[Material provided Boundary: Start]
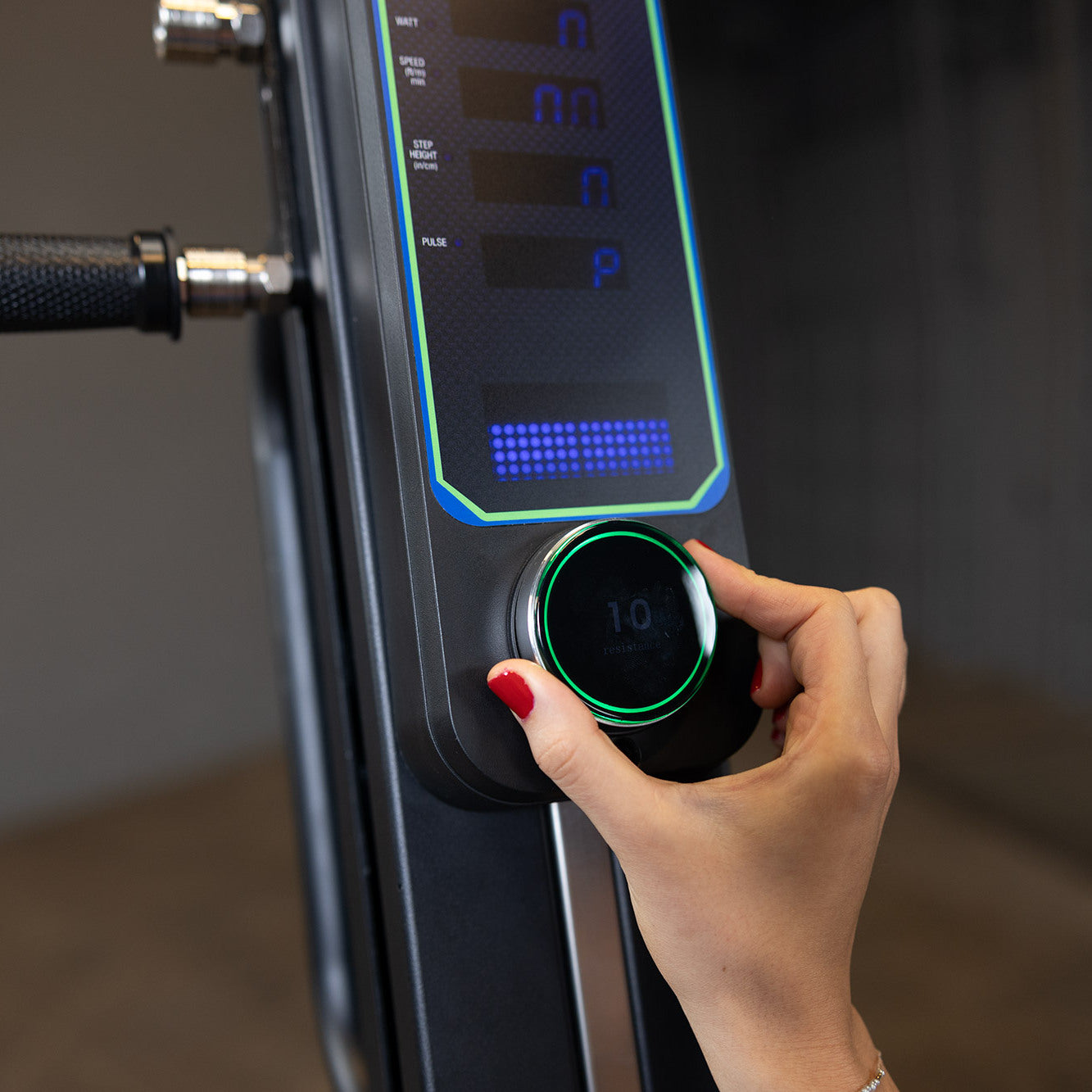 Close-up of Body-Solid Endurance CL300 vertical climber console showing resistance control knob and display panel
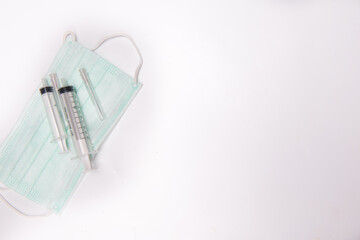 medical syringes and medical face mask,shot from top,spread over white surface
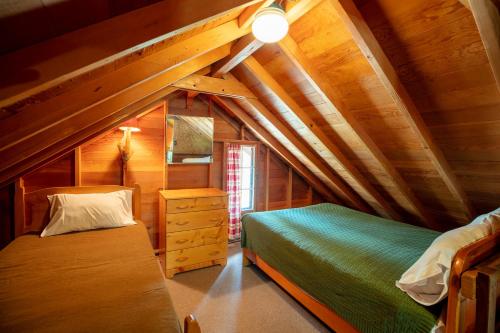 Katil atau katil-katil dalam bilik di The Meeker Park Lodge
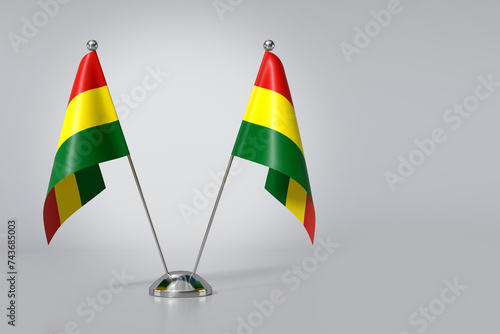 Double Plurinational State of Bolivia Table Flag on Gray Background. 3d Rendering photo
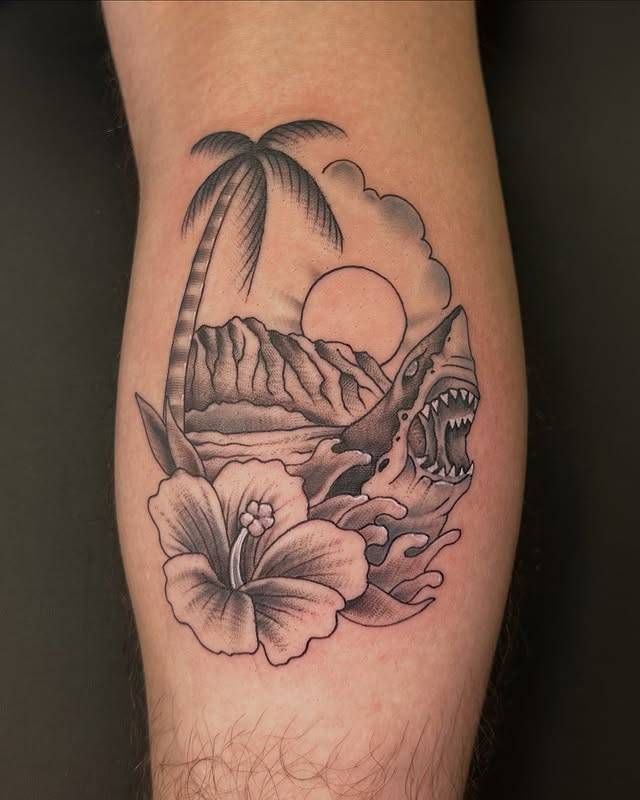 Black and grey traditional shark and palm tree tattoo on calf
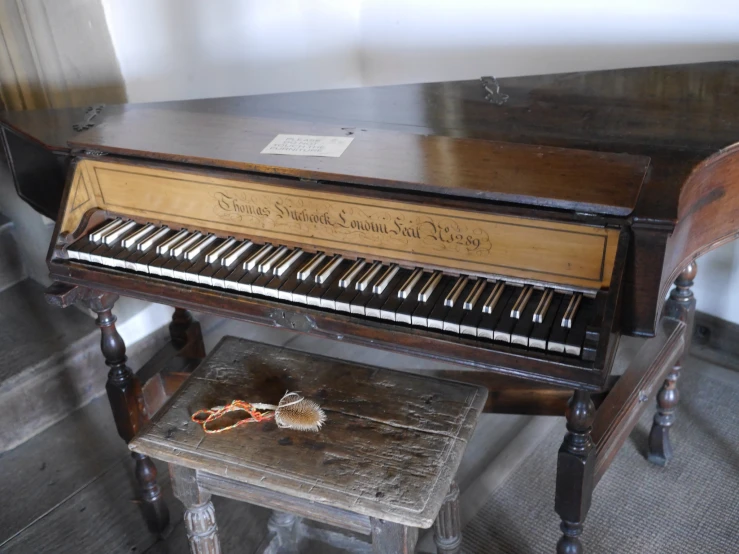 a very old piano with a stool in the middle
[Material provided Boundary: End]
Your objective:
Apart from the pictures, every record must be set down exactly.

Solution for this problem:
 Close-up of Body-Solid Endurance CL300 vertical climber console showing resistance control knob and display panel
 medical syringes and medical face mask,shot from top,spread over white surface
 Katil atau katil-katil dalam bilik di The Meeker Park Lodge
 Double Plurinational State of Bolivia Table Flag on Gray Background. 3d Rendering photo
 Black and grey traditional shark and palm tree tattoo on calf
 a very old piano with a stool in the middle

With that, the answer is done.